After the initial shock wore off, we went through the cycle of different stages of grief, and it took a long time. For the first few years, with the loss of the breadwinner in the family, it was a huge struggle, with our middle-class background and lifestyle and not much in terms of income, and the huge cost of education for both myself and my sister -- both my sister and I had one more year of college left to complete. Education in India is not like in the US, and it is not an option to take a break before finishing up school.
So by the time we finished school, we had almost exhausted what meager savings we had. I was moonlighting as a musician to make ends meet at that time while attending classes at the same time. But I wasn't that good a musician to get gigs at regular intervals for it to be considered a livelihood.
To make a long and sordid tale short, it took about three years from the time of my father's untimely demise, to have some stability in our lives
- I had a regular job that didn't pay too well, but it was enough to cover our apartment rent, utilities, etc. Until that point, we didn't have time to even move beyond the shock and disbelief stage. Those years went by like I was in a waking dream (or rather, a nightmare).
It was then, the remaining stages of the "seven stages of grief" started manifesting. And I found the spiritual path as a way to deal with that process.
Over those initial years since I turned to the path for succor, I found myself being inadvertently pulled progressively deeper down the proverbial rabbit hole until I couldn't think of a life without the path.
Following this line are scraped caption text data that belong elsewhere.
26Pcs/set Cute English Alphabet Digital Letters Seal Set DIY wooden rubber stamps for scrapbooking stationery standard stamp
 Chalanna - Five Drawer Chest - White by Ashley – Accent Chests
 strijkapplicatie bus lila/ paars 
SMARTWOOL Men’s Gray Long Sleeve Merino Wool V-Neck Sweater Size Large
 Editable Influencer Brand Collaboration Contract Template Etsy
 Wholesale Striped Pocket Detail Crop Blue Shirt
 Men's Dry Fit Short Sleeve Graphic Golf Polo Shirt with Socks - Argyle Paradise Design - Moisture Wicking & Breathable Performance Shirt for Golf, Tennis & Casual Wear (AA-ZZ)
But as spiritual maturation happened, I found the personal ambition declining almost proportional to the level of clarity in the mind. What started off as a battle for survival, and then progressed into an ambition to get bigger/better/more, ended up becoming something that I have to do in order to fulfill my responsibilities.
The higher the level of clarity grew, the more the dropping of personal ambition. And in a householder's life, that can be a dangerous thing!
My Yoga Guru used to say, in any household, both the husband and the wife (or partners) should be developing and interested in the spiritual path. If one is too spiritual and the other doesn't understand or subscribe to that lifestyle, it leads to great turmoil.
There was a reason that in Ancient India, there were clearly defined four stages of life. The life of the student (brahmacharya), the life of the householder (grihastha), the life of the forest-dweller (vanaprastha), and the life of the renunciant (Sanyasa).
These four stages were considered part and parcel of the dharma. Anyone who lived by the dharma would naturally follow this path. So by the time, one's familial duties were completed -- children were educated, and they entered the world of householders (essentially worldly life), the parents would retire to a forest area, simplifying their lives, living amidst nature, meditating, preparing for the final push towards liberation (moksha) -- which they would pursue by eventually renouncing their personal identity and becoming mendicants. The process of renunciation even involved one performing one's own last rites, so they can completely give up their personal identity.
That is hard (almost impossible) to do in today's society. People work till they are in their late 60s, even 70s, and before you know it, life is over.
What, if there is one, is the way out of this monumental quagmire?